Evidence into baby's death a 'game changer'

Maree Butler and Eoin Byrne hold a photo of their son, Darragh, at the inquest into his death. Photo: Gareth Chaney
Maree Butler and Eoin Byrne hold a photo of their son, Darragh, at the inquest into his death. Photo: Gareth Chaney

Louise Roseingrave

A baby boy who died days after his birth may have suffered a brain injury a week before he was born, an inquest heard.

In evidence described as "game changing", a pathologist's report found that a condition that could potentially have contributed to baby Darragh Byrne's death from hypoxia (lack of oxygen) occurred before he was born in February 2013.

At Dublin Coroner's Court, parents Maree Butler and Eoin Byrne from Portlaoise, Co Laois, heard pathology evidence from Consultant Neonatal Pathologist at the Coombe Hospital, Dr Colette Adida.

The court heard that Dr Adida found evidence of both acute and chronic hypoxia and the latter could have been caused by an event in the weeks before the child's death.

As the inquest got underway this week, Coroner Dr Brian Farrell heard that the Coombe Hospital issued an apology for failures relating to aspects of the management of Ms Butler's care during labour, relating specifically to a one-and-a-half hour period prior to birth.

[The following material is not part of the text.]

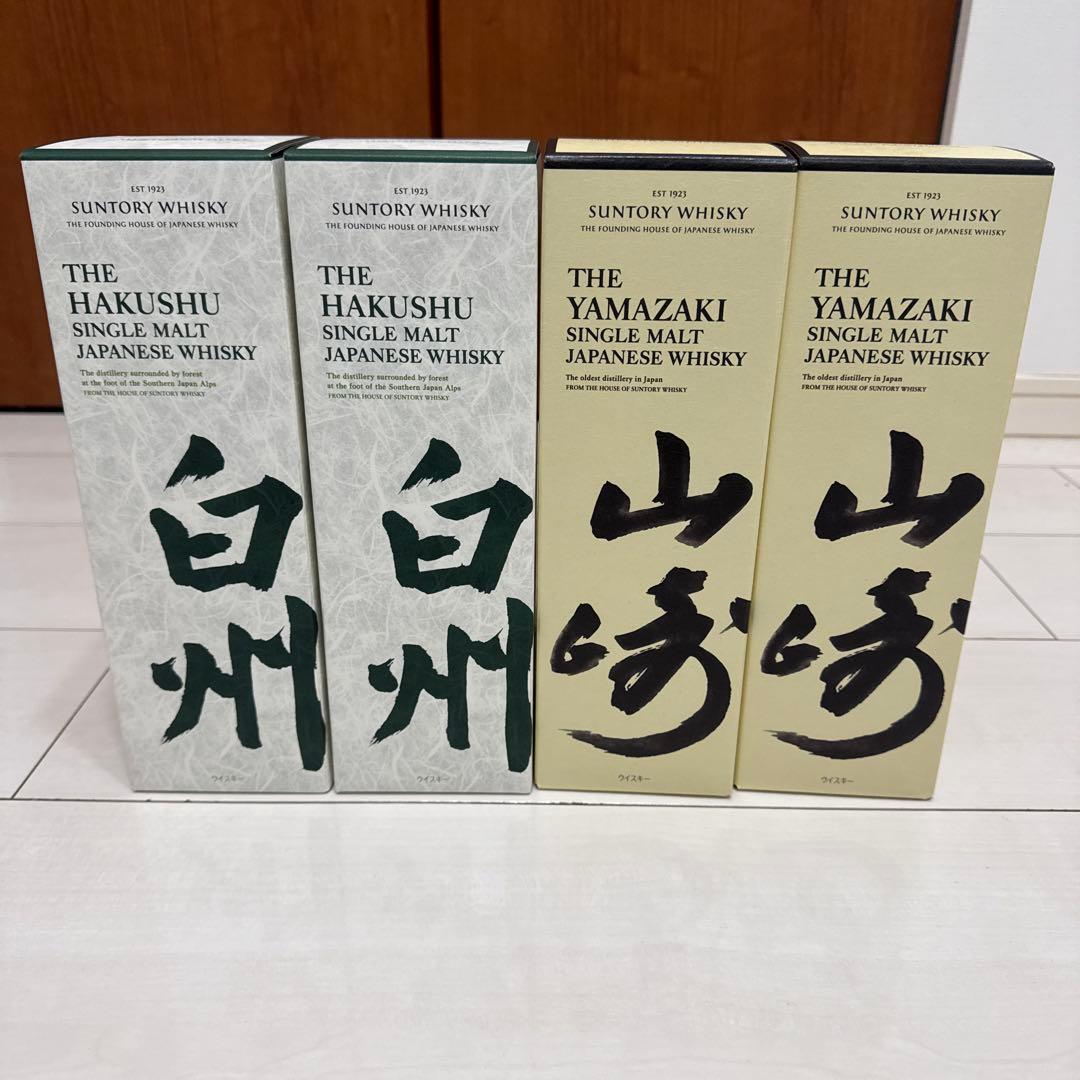 サントリー 白州・山崎 セット 700ml 4本セット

The cause of death was multi- organ failure due to hypoxia, according to Dr Adida.

However, from her autopsy, Dr Adida said it was not possible to give the exact cause of the hypoxia, which was described as a "global cerebral hypoxic change" that caused the baby's death.

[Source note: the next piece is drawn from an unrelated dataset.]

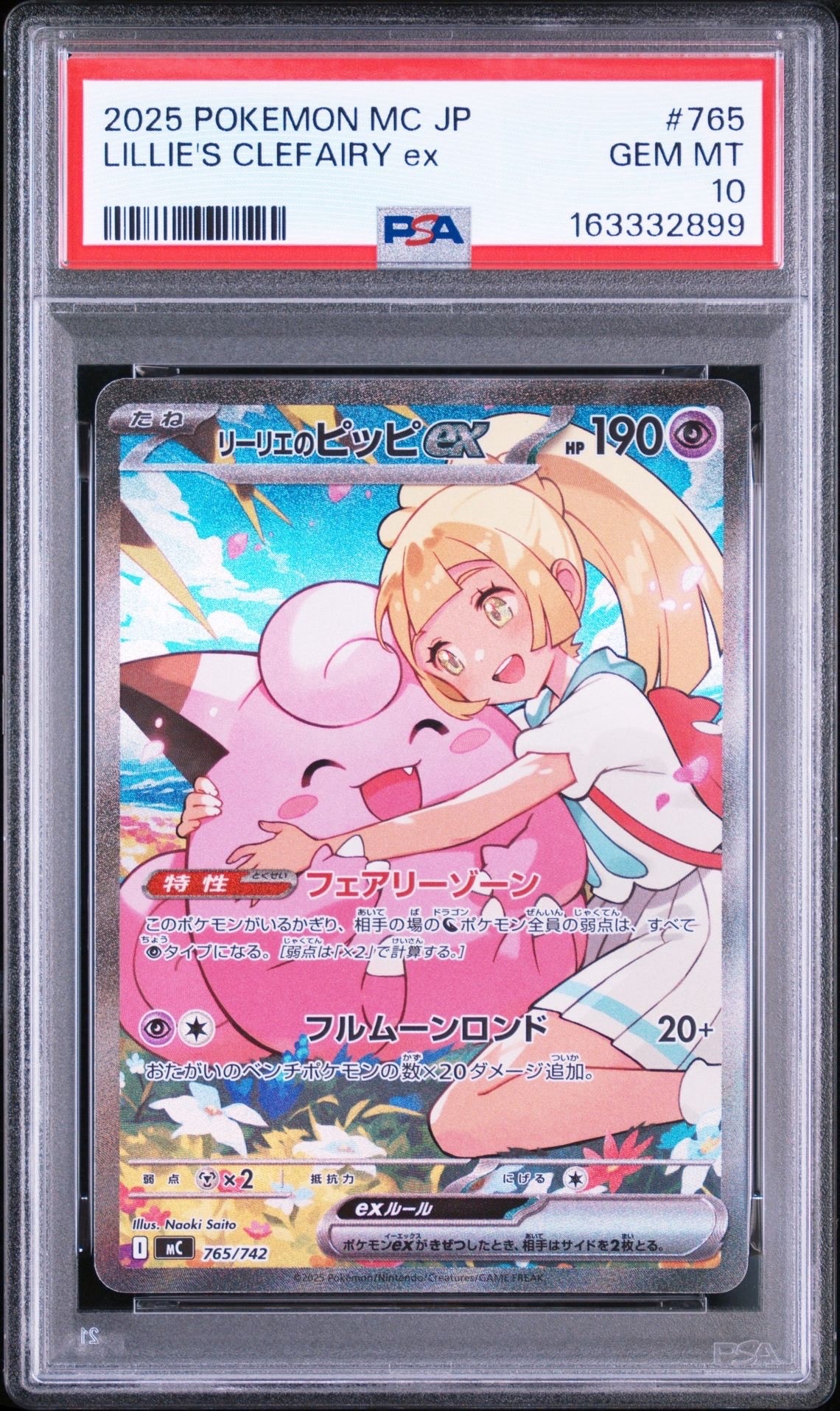 リーリエ（がんばリーリエ） SR[SM4+ 119/114](ハイクラスパック「GX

The pathologist found evidence of chronic hypoxia in the form of non-fatal impairment of the placental function and foetal circulation, which she said can take "a few days to weeks to develop".

"I can't give the exact timing, it takes days to weeks... I can't be more precise than that," she said.

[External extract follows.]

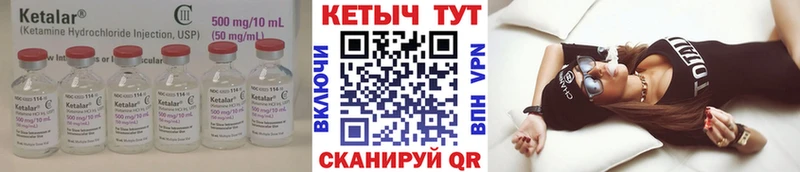 Купить закладки  Котово  Кетамин VHQ 
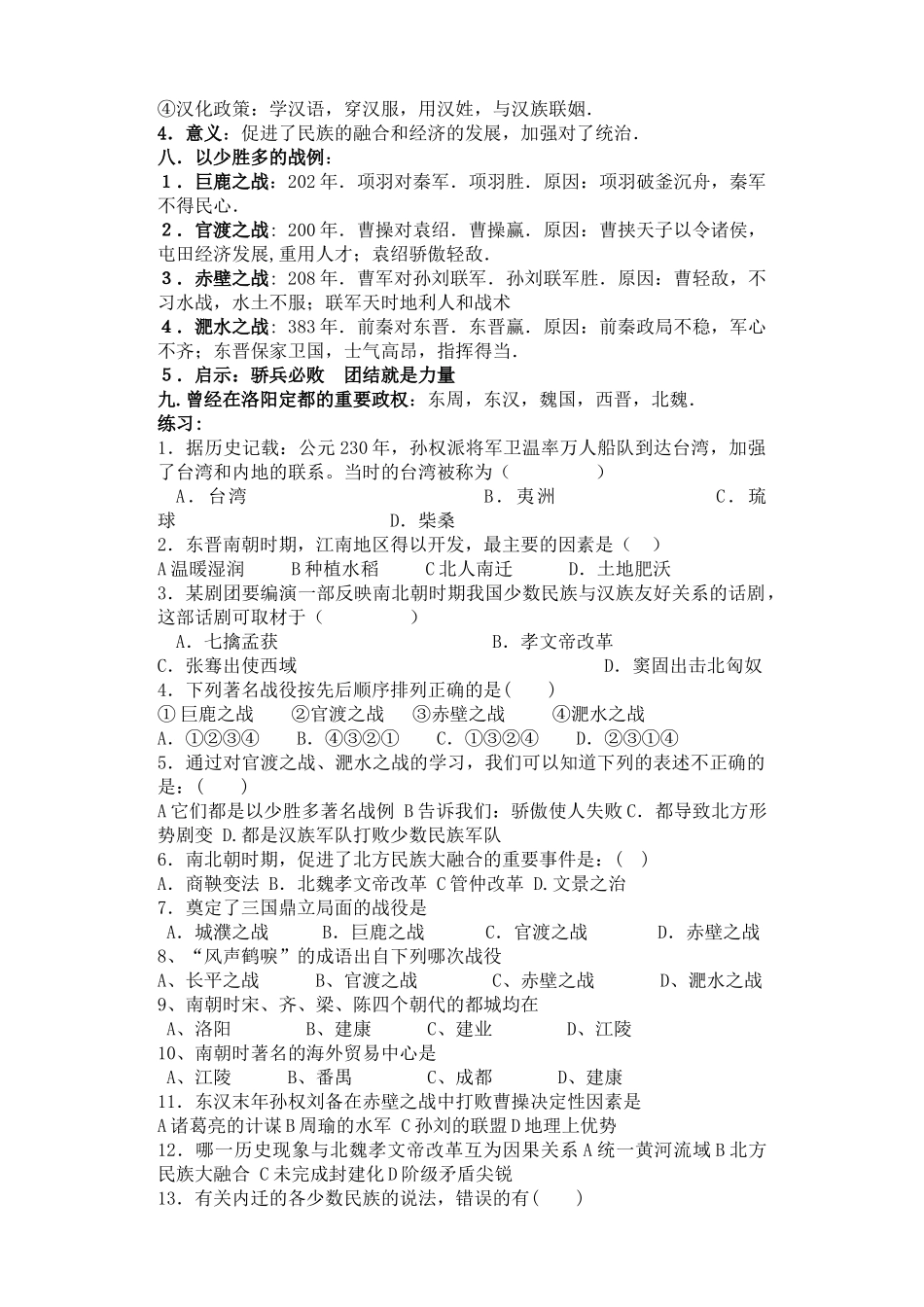 七年级历史第五部分封建社会在分裂中继续发展学案人教版_第2页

Barrister Simon Mills for the HSE and the hospital apologised for his use of a colloquial term but said the pathology evidence was a "game changer".

Family barrister Sara Antoniotti said the evidence was "entirely inconsistent with what we have been told by our experts".

Adjourning the inquest until March 8, Dr Farrell said: "This (pathology evidence) is a crucial issue that I need to look at."